**Exercise prompt**
Instruction for the entries that follow: retype exactly the lines from the line with "VISĀ LATVIJĀ: Šampūns" to the line with "元力音乐app–音乐下载 20260828140832_971148.jpg", both included, and omit all others.

**Extracted data**
[Start of Attachment]

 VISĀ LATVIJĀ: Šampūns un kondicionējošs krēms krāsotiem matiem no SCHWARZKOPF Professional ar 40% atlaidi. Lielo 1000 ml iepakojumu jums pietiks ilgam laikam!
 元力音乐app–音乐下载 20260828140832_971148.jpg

[End of Attachment]
[Start of Attachment]

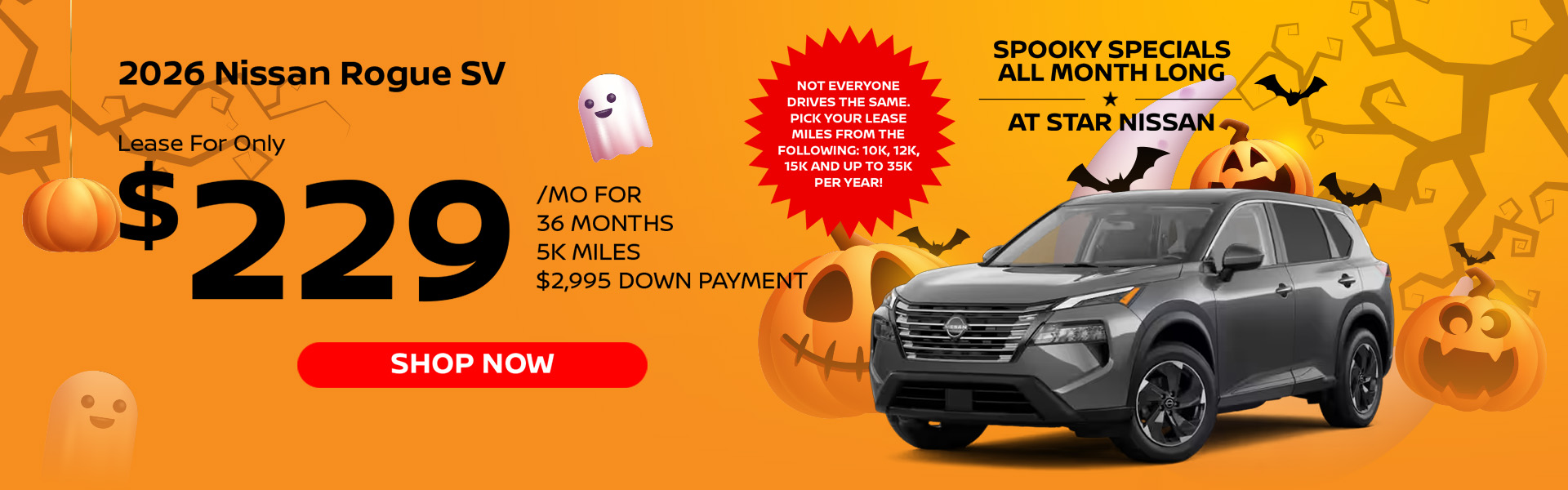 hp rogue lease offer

[End of Attachment]
[Start of Attachment]

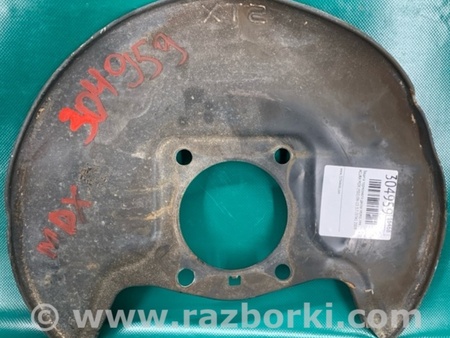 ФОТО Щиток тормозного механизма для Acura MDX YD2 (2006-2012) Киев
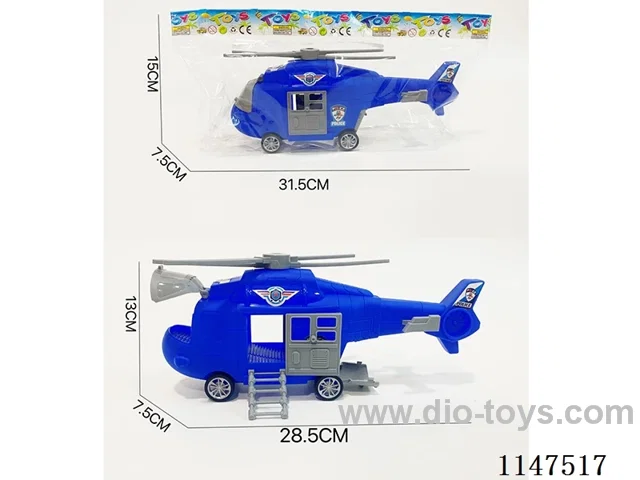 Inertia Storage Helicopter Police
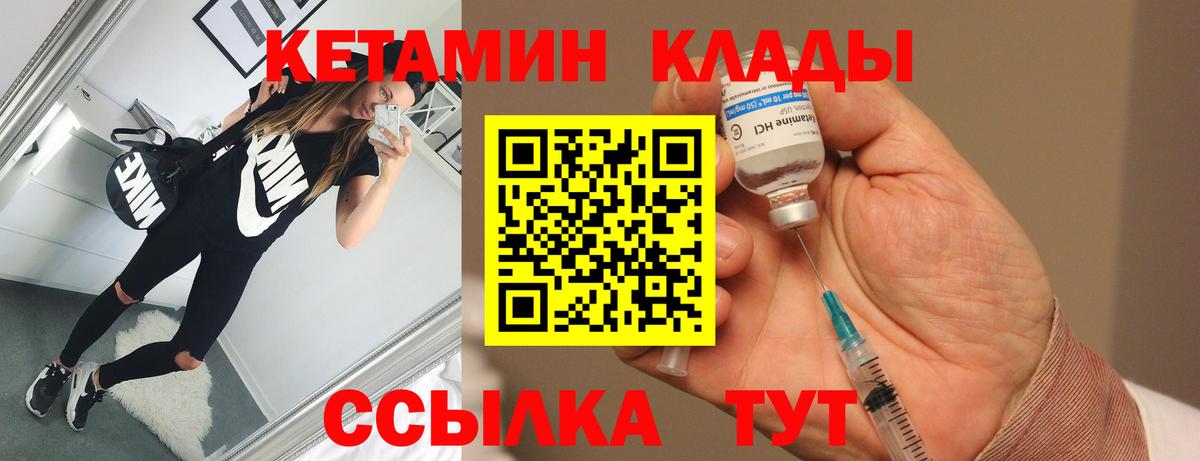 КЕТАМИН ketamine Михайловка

[End of Attachment]

**Response box**
 VISĀ LATVIJĀ: Šampūns un kondicionējošs krēms krāsotiem matiem no SCHWARZKOPF Professional ar 40% atlaidi. Lielo 1000 ml iepakojumu jums pietiks ilgam laikam!
 元力音乐app–音乐下载 20260828140832_971148.jpg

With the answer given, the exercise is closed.